Une évaluation du cycle de vie de l’empreinte carbone peut réduire le greenwashing

Aujourd’hui, vous pouvez acheter une paire de baskets partiellement fabriquées à partir de dioxyde de carbone extrait de l’atmosphère. Mais mesurer les avantages de la réduction de carbone de la fabrication de cette paire de baskets avec du CO2 est complexe. Il y a le combustible fossile qui est resté dans le sol, une économie de carbone certaine. Mais qu’en est-il du coût énergétique du refroidissement du CO2 sous forme liquide et le transporter vers une installation de production ? Et qu’en est-il lorsque votre enfant devient trop grand pour les chaussures en six mois et qu’elles ne peuvent pas être recyclées en un nouveau produit parce que ces systèmes ne sont pas encore en place ?

Alors que les entreprises tentent de réduire leur empreinte carbone, nombre d’entre elles procèdent à des évaluations du cycle de vie pour quantifier le coût carbone total des produits, de l’approvisionnement en matériaux à la consommation d’énergie dans la fabrication, en passant par le transport des produits, le comportement des utilisateurs et l’élimination en fin de vie. C’est une métrique incroyablement difficile, mais un tel comptage est nécessaire pour maintenir la planète à une température vivable, déclare Andrea Ramirez Ramirez, spécialiste des systèmes à faible émission de carbone de l’Université de technologie de Delft aux Pays-Bas.

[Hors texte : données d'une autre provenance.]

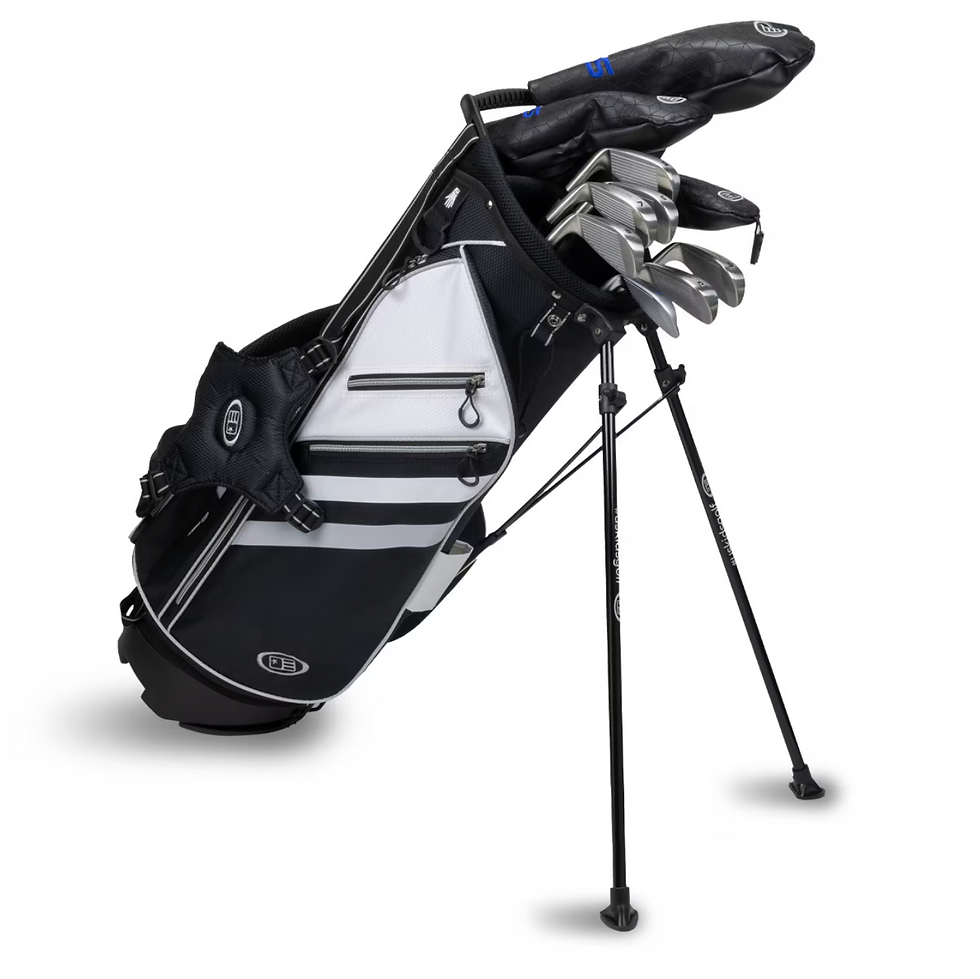 Thumbnail: Right Hand TS5-51 10 Club Stand Set Graphite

La comptabilisation du carbone est facile à se tromper, dit-elle. Les différences dans les points de départ pour déterminer la « durée de vie » d’un produit ou les hypothèses sur les sources d’énergie peuvent toutes affecter les calculs.

L’utilisation de carbone peut être réduite à de nombreux points de la chaîne de production, en utilisant des énergies renouvelables dans le processus de fabrication, par exemple, ou en ajoutant du CO atmosphérique.2 au produit. Mais si d’autres points de la chaîne sont énergivores ou émettent du CO2note-t-elle, le décompte final peut montrer un nombre positif plutôt qu’un nombre négatif.

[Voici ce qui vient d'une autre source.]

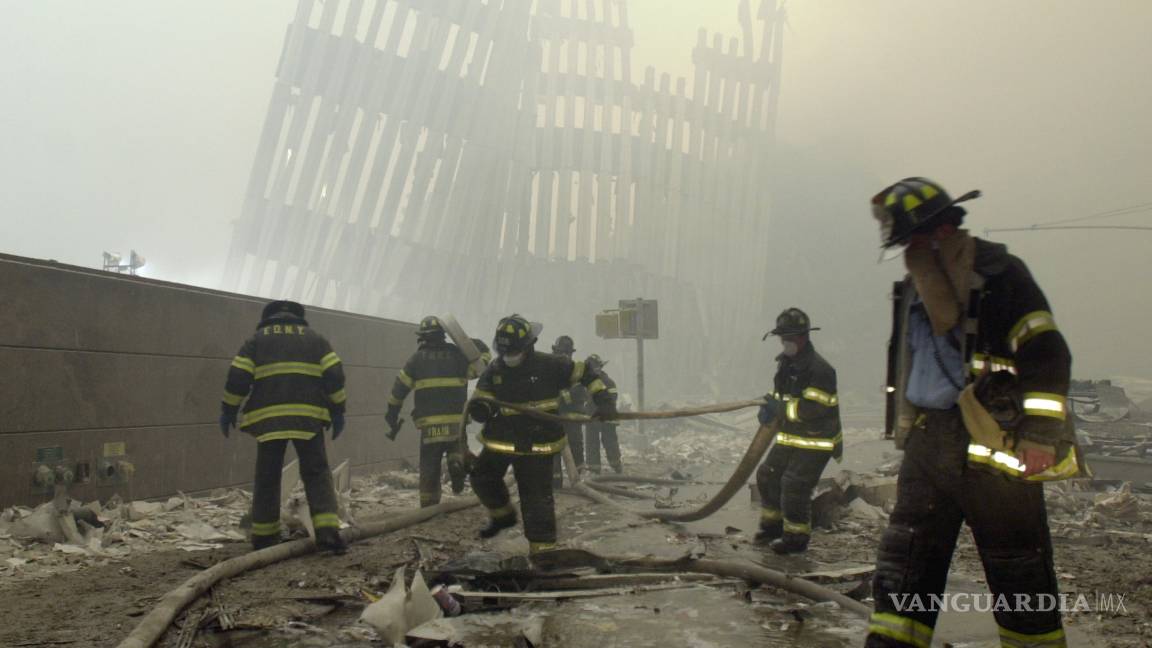 9/11 En fotografías a 18 años de la tragedia en las Torres Gemelas y el Pentágono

Un produit est négatif en carbone uniquement lorsque sa production élimine effectivement le carbone de l’environnement, de manière temporaire ou permanente. Le CO mondial2 Initiative, avec des universités européennes et américaines, a créé un ensemble de directives ACV standardiser la mesure afin que la comptabilité carbone soit cohérente et que des termes tels que « neutre en carbone » ou « négatif en carbone » aient une signification vérifiable.

Cependant, dans la précipitation à créer des produits qui peuvent être présentés comme luttant contre le changement climatique, certaines entreprises ont été accusées de «blanchiment vert» – faisant apparaître des produits ou des entreprises plus respectueux de l’environnement qu’ils ne le sont réellement. Exemples de greenwashing, selon une analyse de mars 2022 des ingénieurs mécaniciens Grant Faber et Volker Sick de l’Université du Michigan à Ann Arbor, incluent l’étiquetage des sacs poubelles en plastique comme recyclables lorsque leur objectif est d’être jetés ; utiliser des labels tels que « eco-friendly » ou « 100% Natural » sans certification officielle ; et revendiquer une meilleure empreinte carbone sans reconnaître l’existence de choix encore meilleurs. Un exemple serait les véhicules utilitaires sport « économes en carburant », qui ne sont économes en carburant que lorsqu’ils sont comparés à d’autres VUS plutôt qu’à des voitures plus petites, des transports en commun ou des vélos.

Une bonne analyse LCA, dit Sick, peut distinguer les entreprises qui ne sont respectueuses du carbone que de nom, de celles qui aident vraiment le monde à purifier l’air.